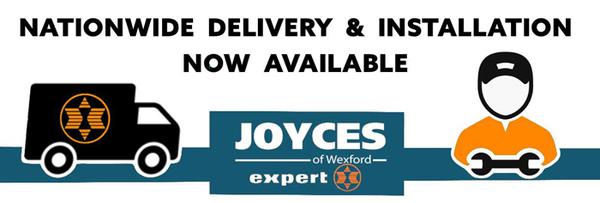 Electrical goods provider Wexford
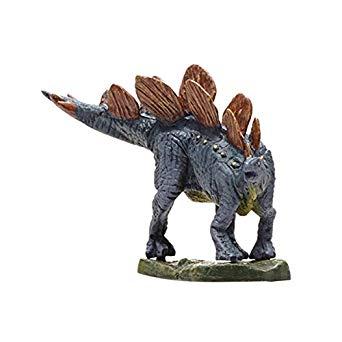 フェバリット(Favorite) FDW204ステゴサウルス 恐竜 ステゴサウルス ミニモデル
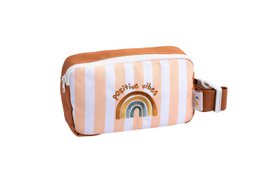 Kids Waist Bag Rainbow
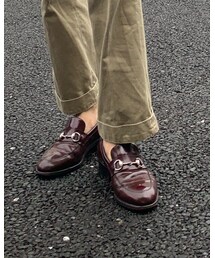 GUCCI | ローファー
──────
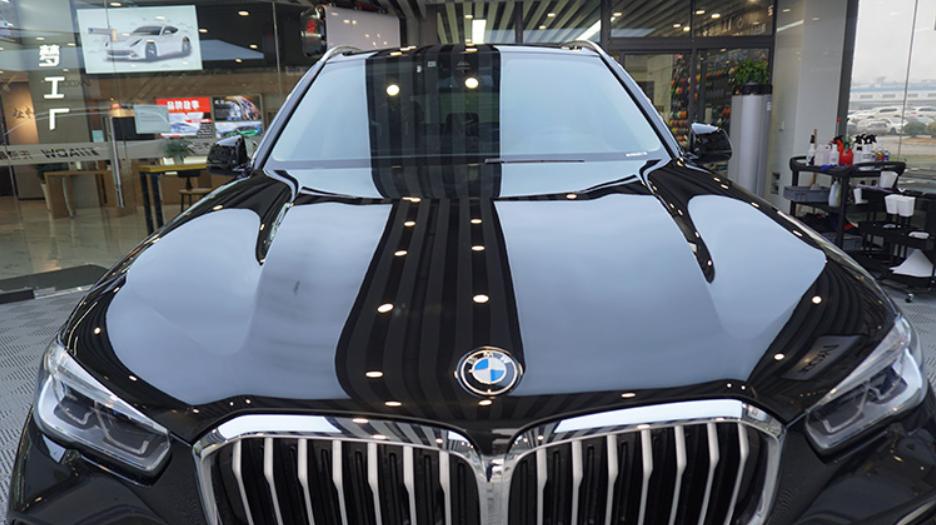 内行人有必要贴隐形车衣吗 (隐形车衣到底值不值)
──────
| EXERCISE DETAILS |
In the listing above, find the line containing "フェバリット(Favorite) FDW204ステゴサウルス 恐竜" and the line containing "GUCCI | ローファー", then print exactly those two lines and every line between them, minus the pictures.

| ANSWER BELOW |
 フェバリット(Favorite) FDW204ステゴサウルス 恐竜 ステゴサウルス ミニモデル
 Kids Waist Bag Rainbow
 GUCCI | ローファー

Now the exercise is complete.